Photo by Tine Deleon

Ethereal, experimental, authentic, layered (and quite frankly, stunning) - all words that can easily be used to describe singer-songwriter-producer Low Leaf's music, but also to describe Low Leaf herself. Born Angelica-Marie Lopez in Los Angeles, CA, Low Leaf deftly merges electric harp, piano and guitar with electronic beats to create soulful and free-flowing musical explorations. Classically trained in piano (shouts to Pilipinx parents who stay pushing those piano lessons) and self-taught in harp, guitar, and beat-making, Lopez has been actively recording since 2011's Chrysalis EP and has since released multiple full-length albums and EPs, as well as an ongoing series of instrumental sound meditations called Diwata Mantraz. She’s performed all over the world, including in the Philippines alongside legends such as Roy Ayers and at Boiler Room in London. Her latest album Palm Psalms: A Light to Resolve All Darkness just dropped on 11/11/16 via her own label, Creator DIY.

A departure from her previous solo work's electronic and hip hop elements (such as 2014's gorgeous AKASHAALAY, created as a spiritual offering to the Philippines), Palm Psalms moves to strictly live instrumentation in collaboration with musicians from LA to the PH. Inspired by Psalms 57:8, which reads: “Wake up, my heart! Wake up, O lyre & harp! I will wake the dawn with my song,” Palm Psalms is a collection of compositions written to plant seeds of light and universal truth.  Structurally, Palm Psalms' melodies often flow like freeform jazz, exploring space through eclectic rhythms, soaring musicality, and lyrics that speak of finding balance and peace within and with all creation.

We were blessed to speak with Low Leaf about her latest work, creating her own path, and connecting to the indigenous soul of the world through her Pilipina heritage.

Hella Pinay: Your new album is sick! I love the super jazzy flute and drums, strings, and the vocal layering. You’ve mentioned that you moved away from electronic elements for this album and that everything is live. Who are the musicians you’ve been working with and how did you pick musicians for this project? What was it like creating with a large group of people as opposed to solo?

Low Leaf: Half of the musicians that played on this album are based in the Philippines, and the other half are artists from the US. When I was in the PI [in] early 2015, I showed my musical bredren some demos I wanted to throw away; he’s a Filipino producer named Paolo Garcia who goes by several aliases: Venusfly and Pasta Groove.. he was into them and convinced me that the songs were worthy of being developed. So he helped me record drums and bass out there. As for the musicians in the US, everyone that contributed to the album either recorded in my home studio, or sent me stems from their own home studio. All the stems were gathered gradually throughout the course of the entire year, so I didn’t realize so many people were on the album until it was finished and I was writing out album credits. Collaboration has been a huge catalyst for me stepping outside of my musical comfort zone and letting go [of] doing everything myself.

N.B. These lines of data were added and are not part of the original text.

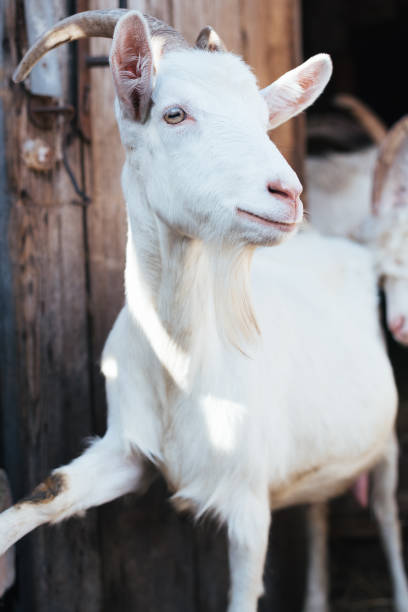 istock White goat on a background of a barn 910995908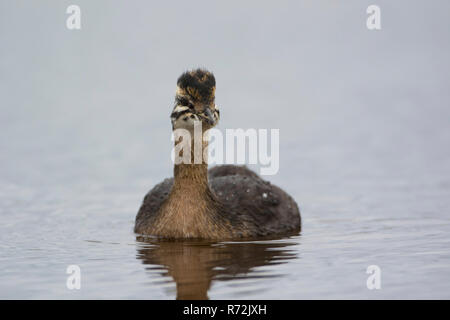 Pebble Island, Îles Falkland, Royaume-Uni, à blanc, grebe (Rollandia rolland) Banque D'Images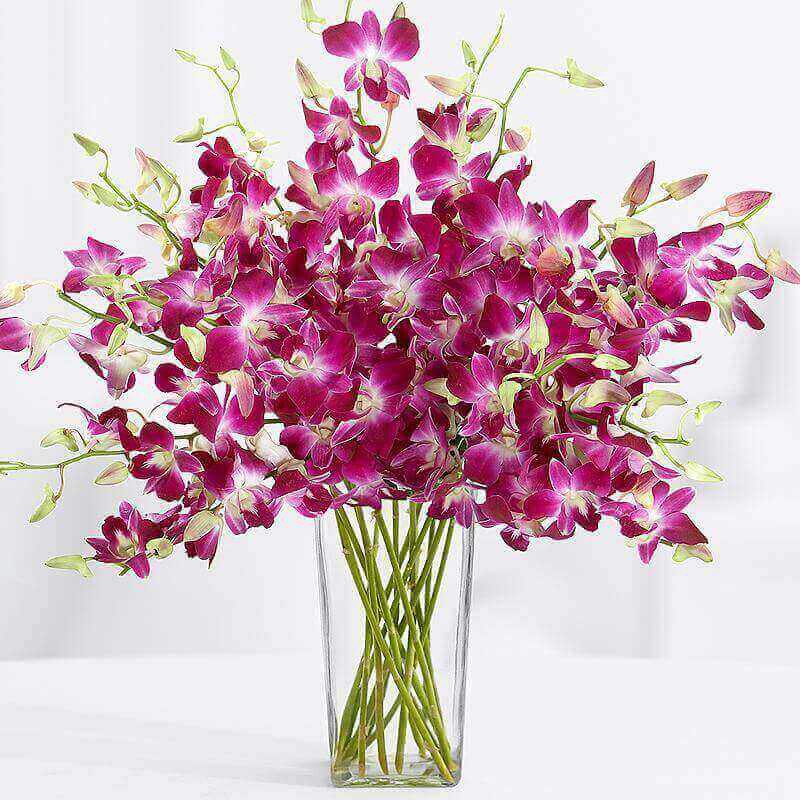 10 Stems of Beautiful Orchids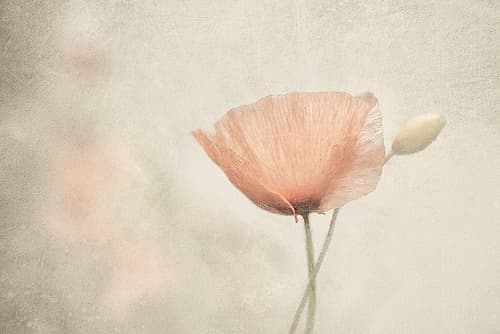 Jewel Of Nature Art Print by Gilbert Claes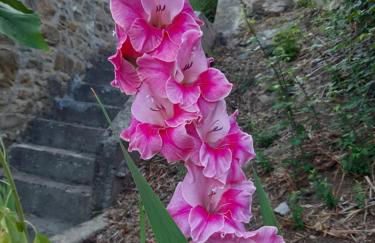 Country Residence Turicchi - Foto 7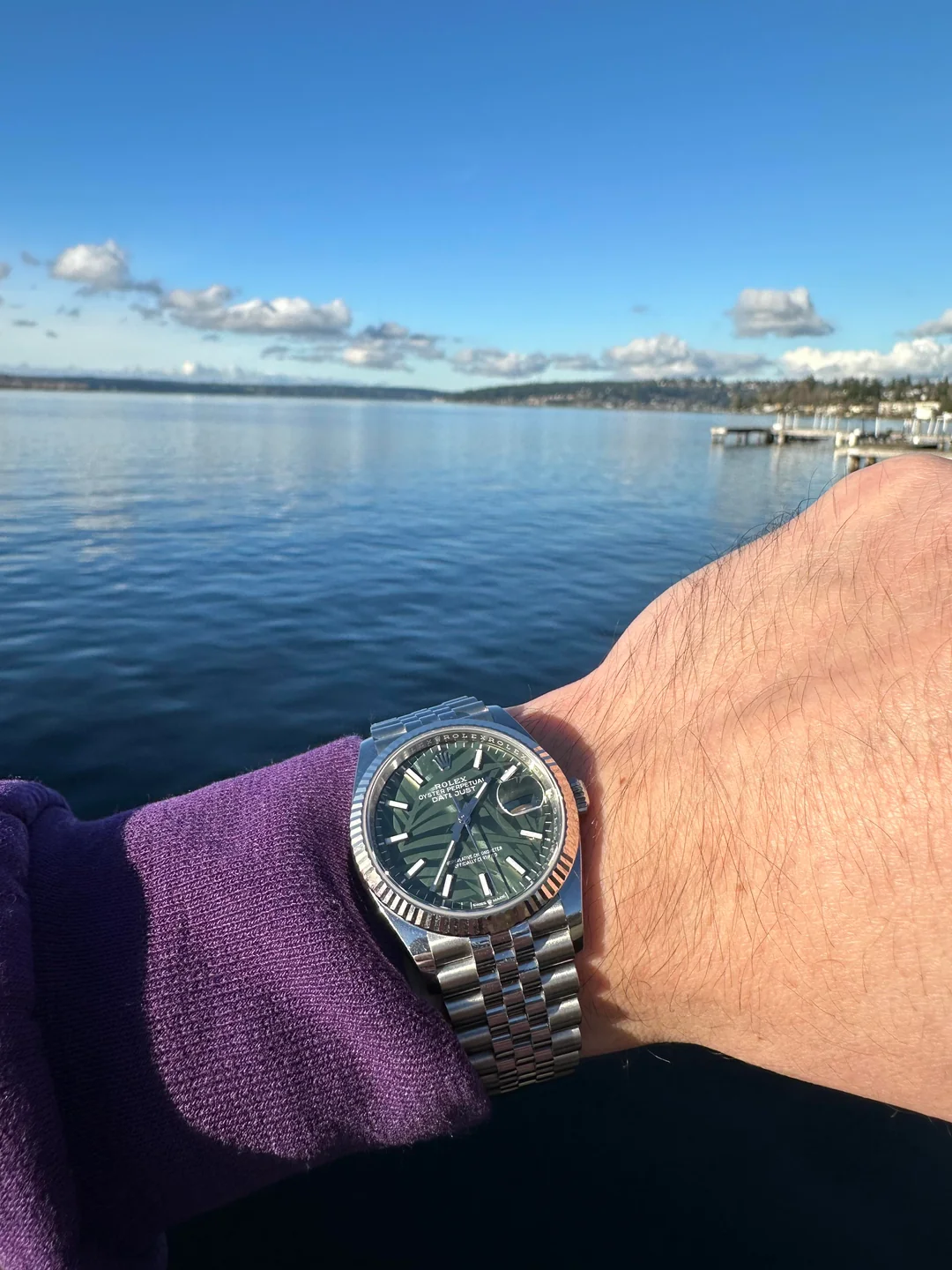 Datejust 36mm Palm Motif Dial 126234-0047 photo review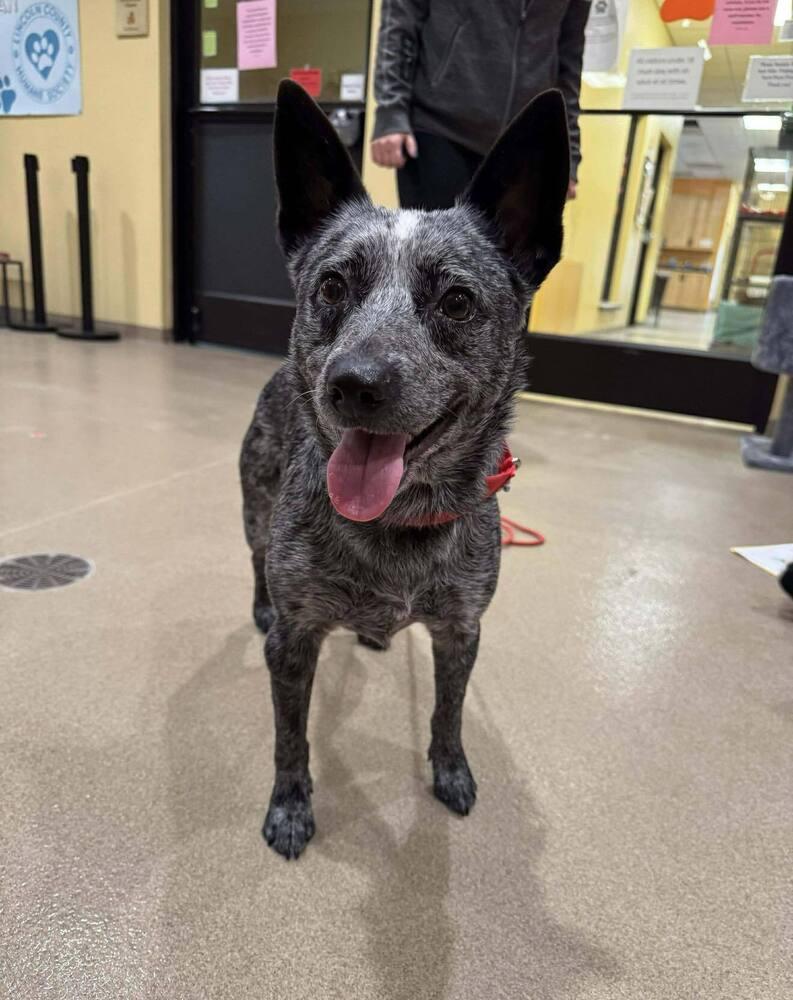 Pepper, a Adoptable Australian Cattle Dog / Blue Heeler in Wausau, WI image 2/4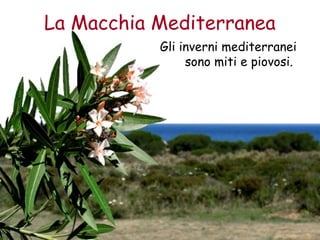 La Macchia Mediterranea 
Gli inverni mediterranei 
sono miti e piovosi. 
 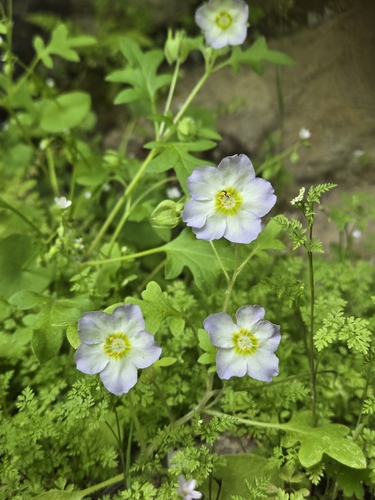 Nemophila kirtleyi observed 2025-05-09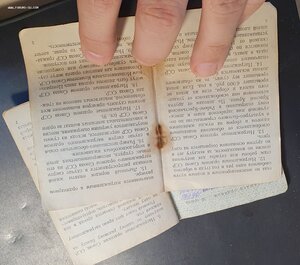 Комплект на разведчика, в том числе за р. Ингул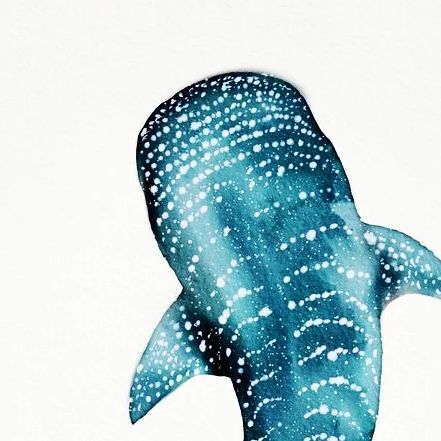 Whale Sharks Painting, Whale Shark Watercolor Paintings, Watercolour Whale Shark, Watercolor Sea Life, Whale Shark Watercolor, Whale Shark Illustration, Whale Shark Painting, Watercolour Waves, Whale Shark Art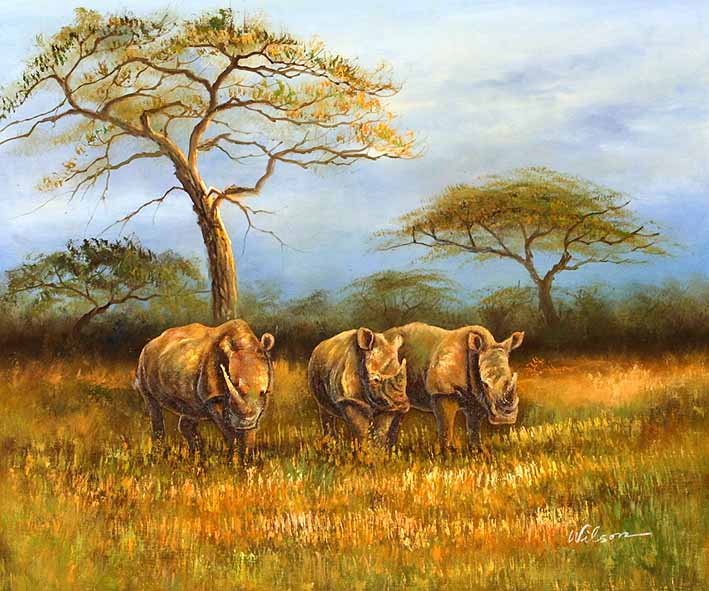 A Crash of Rhinos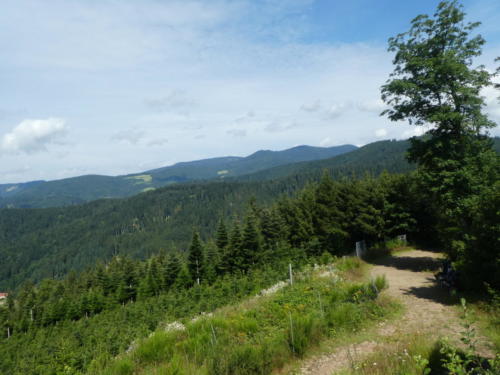 Blick vom Spitzfelsen zum Brandenkopf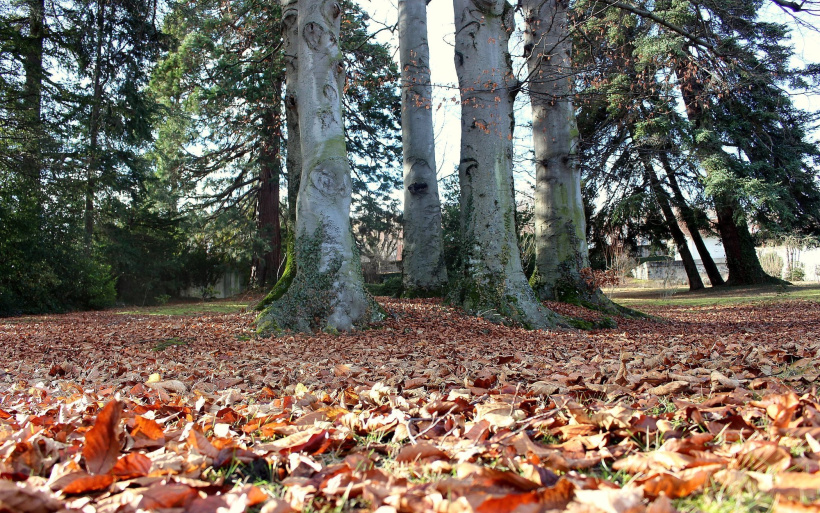 Parc de la banque de France au Puy-en-Velay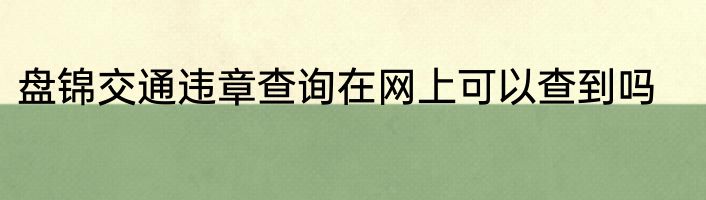 盘锦交通违章查询在网上可以查到吗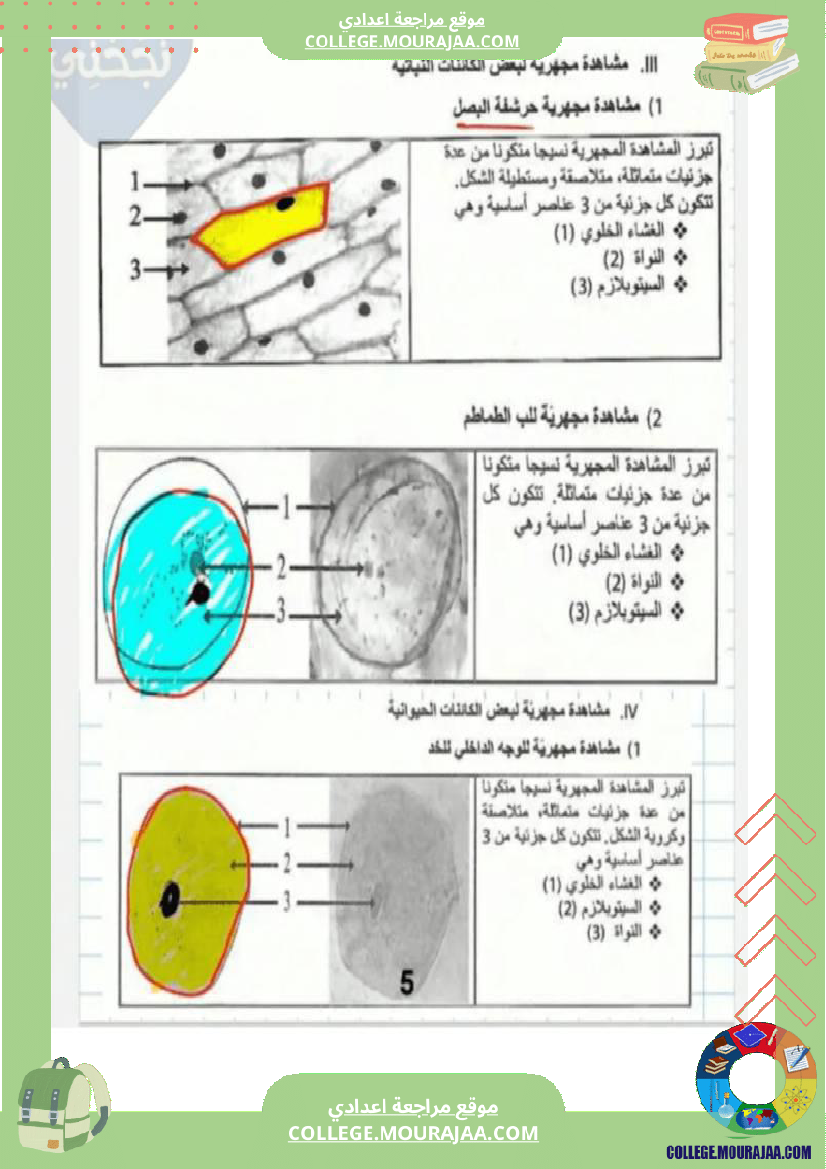 سابعة اساسي علوم الحياة و الارض ثلاثي للإفادة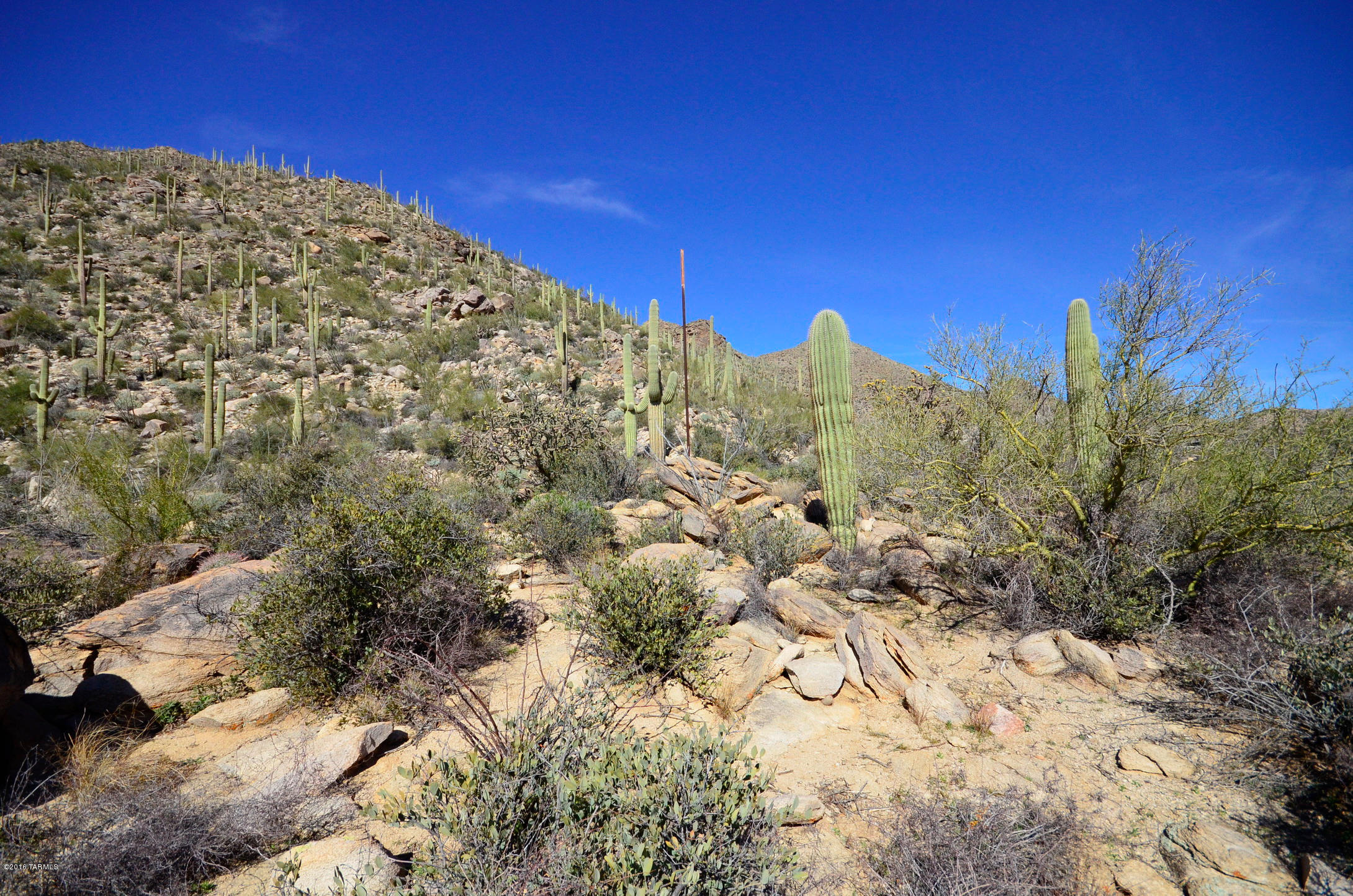 Canyon Pass At Dove Mountain - Land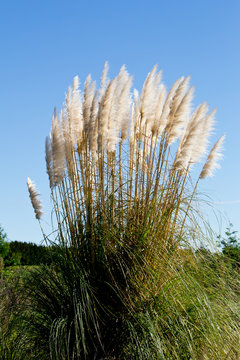 New Zealand native grass plant - Toitoi or Toetoe
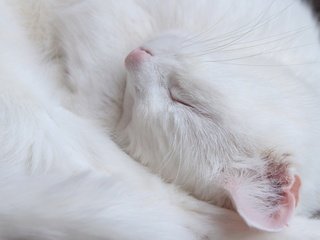 Обои кот, мордочка, усы, кошка, сон, белый, cat, muzzle, mustache, sleep, white разрешение 2560x1792 Загрузить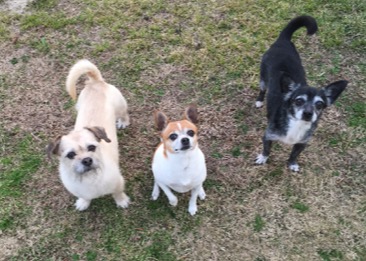 Shadow, Maddie and Dexter - California, U.S.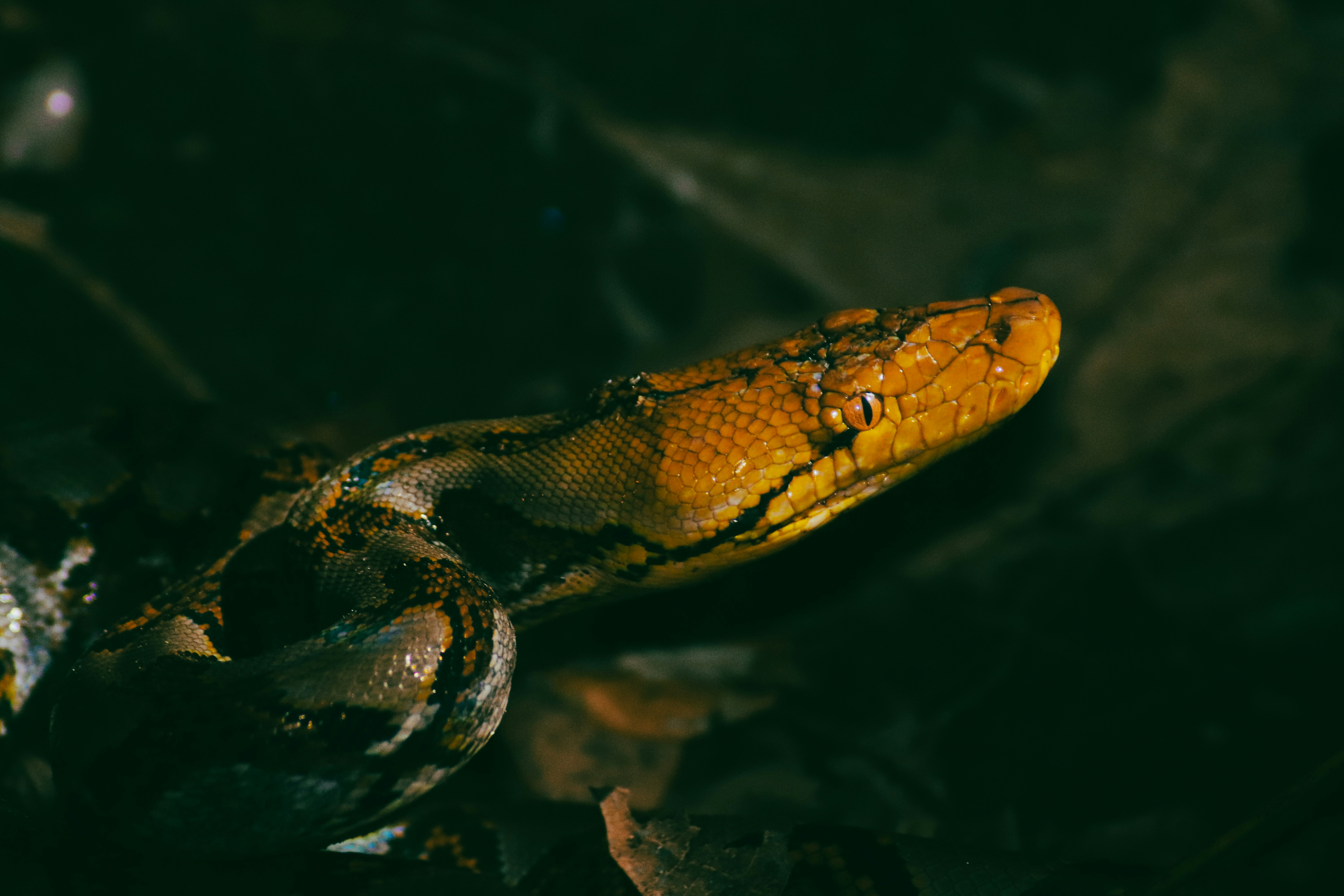 Photo by adityarizqiqa_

Stream and download "Palm Psalms: A Light to Resolve All Darkness"  here .

Stream and download "Palm Psalms: A Light to Resolve All Darkness" here.

Your album release is coming up December 16, is this your first time playing live with the full band? Any plans for a tour?

The release show happening on the 16th will be the first time I’ll be playing with a 13 piece ensemble, which is why I’m calling it ‘The Ascension Orchestra.' But I been playing with 4 of my core band mates since the beginning of the year, and we are growing together so much. There are plans for a EU/UK tour next year. Still hoping for a US tour, as I’ve never toured in the US and don’t have an agent out here. Also hoping for Asia. I’m ready though.

I personally really love your Diwata Mantraz series for my own meditation practice, and it’s dope to see our indigenous spirituality referenced in music! Are there any diwatas that you connect with or honor in your own spiritual practice?

Thank you! The diwatas I vibe with mostly exist in the faerie realm. So I connect with them through plants, flowers, trees, the ocean, the sky, the wind…  I don’t have any spiritual practices where I worship anything else except for the creator though. But I def strongly feel the presence of my angels and earth faeries all the time, and they really love to help me out, and love when I dance.

What’s your family’s migration story from the Philippines? Where in the Philippines does your heritage draw from?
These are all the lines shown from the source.